Step 1: Download and install this repository

Create and activate a virtual environment and clone this repository (11.38 MB) by running

python3 -m venv venv && source venv/bin/activate
git clone https://github.com/LoanpyDataHub/GothicHungarian.git

Next, clone the two repositories containing Hungarian and Gothic language data (10.65 MB + 8.75 MB):

git clone https://github.com/LoanpyDataHub/gerstnerhungarian
git clone https://github.com/LoanpyDataHub/koeblergothic

Next, from the same directory, run:

pip install -e GothicHungarian

This will install a command-line interface for running the analysis. It will also install two dependencies, namely loanpy and Spacy, for which we need to install a pretrained German word-vector model. You can find different models on the Spacy website. Currently this 500 MB model seems to be the most suiting (But make sure to use the same model as in gerstnerhungarian and koeblergothic because entries in those repositories were filtered out if they were missing from this particular word-vector model):

python3 -m spacy download de_core_news_lg

To deactivate the virtual environment run:

deactivate

and to remove it run:

rm -r venv

Step 2: Load the relevant data in the right format

From your command-line, run

loadinput

Load and transform input data for loanfinder, save to raw folder.
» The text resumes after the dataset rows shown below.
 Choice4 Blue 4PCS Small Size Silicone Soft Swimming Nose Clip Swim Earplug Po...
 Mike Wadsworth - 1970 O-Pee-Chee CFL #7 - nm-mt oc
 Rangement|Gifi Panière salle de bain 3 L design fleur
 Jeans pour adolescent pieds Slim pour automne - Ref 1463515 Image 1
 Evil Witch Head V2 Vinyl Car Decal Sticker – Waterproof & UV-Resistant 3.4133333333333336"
gothuncommands.loadinput.main()
  1. Read the filenames with the argparse library

  2. Assign the file contents to variables

  3. Create four dictionaries from them for later use

  4. Create input for loanpy.loanfinder.phonetic_matches.

  5. Write files to raw folder.

Step 3: Search for phonetic matches

From your command-line, run

phonmatch

Read the prepared input files in folder raw and search for phonetic matches between Gothic and Hungarian. Write result as phonetic_matches.tsv to folder out.
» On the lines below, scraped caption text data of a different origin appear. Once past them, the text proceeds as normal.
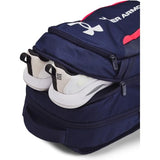 Under Armour Unisex-Adult Hustle 6.0 Backpack, (412) Midnight Navy/Midnight Navy/White, One Size Fits Most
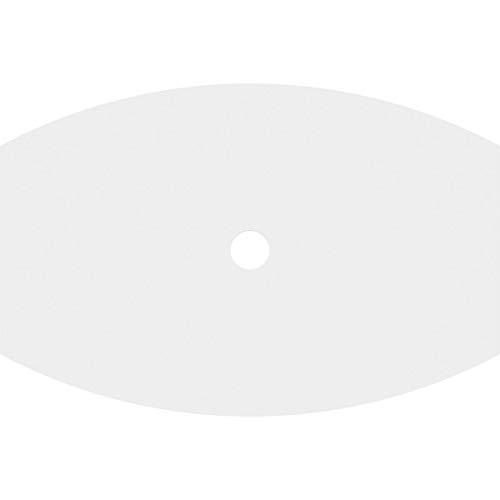 Ekena Millwork Ekena Millwork CMP38X25KY-03000 Kailey Architectural Grade PVC Contemporary Urethane Ceiling Medallions 38\"W x 25 3/8\"H x 3\"ID x 20 1/2\"C x 1\"P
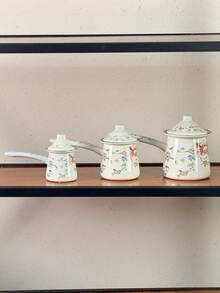 Bộ ấm pha cà phê 3 món họa tiết hoa, thích hợp để pha cà phê và các loại đồ uống kiểu Ả Rập tại nhà, nhà bếp, khi cắm trại và khám phá vùng tuyết. Một bộ ấm pha cà phê di động, món quà tuyệt vời dành cho gia đình và bạn bè. - Nhiều màu - Xem 12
gothuncommands.phonmatch.main()
  1. Import loanpy.loanfinder.phonetic_matches

  2. Read the input data

  3. Pass it on to loanpy

  4. End the function since loanpy writes the file

Step 4: Search for semantic matches

From your command-line, run

semmatch

Read the phonetic matches file in folder out and search for semantic matches among them. Write results as semantic_matches.tsv to folder out.

gothuncommands.semmatch.main()
  1. Import loanpy.loanfinder.semantic_matches

  2. Read phonetic matches file with csv library

  3. Read related tables that contain the meanings

  4. Grab meanings from related tables and create new input table

  5. Input the table to loanpy.loanfinder.semantic_matches <https://loanpy.readthedocs.io/en/latest/documentation.html#loanpy.loanfinder.semantic_matches>`_

  6. End the function since loanpy writes the file

gothuncommands.semmatch.semsim(meaning1, meaning2)
  1. Convert each meaning to a Spacy-object

  2. Create cartesian product of both meaning lists with a nested for-loop

  3. Return the similarity of the most similar pair

Step 5: Load columns for manual inspection

From your command-line, run

loadcols

Merge IDs in out/semantic_matches.tsv with relevant columns for manual inspection.

gothuncommands.loadcols.main()
  1. Read the semantic matches file

  2. Read the related tables

  3. Stitch the desired columns together

  4. Overwrite the input file

Step 6: Manually inspect the results

Open the file in a spread-sheet software, sort the rows according to semantic similarity (column semsim) and within that according to cognate ID (column ID_s). Carefully look at the matches: Pick candidate loanwords where the phonetic matching and the semantic shift looks plausible.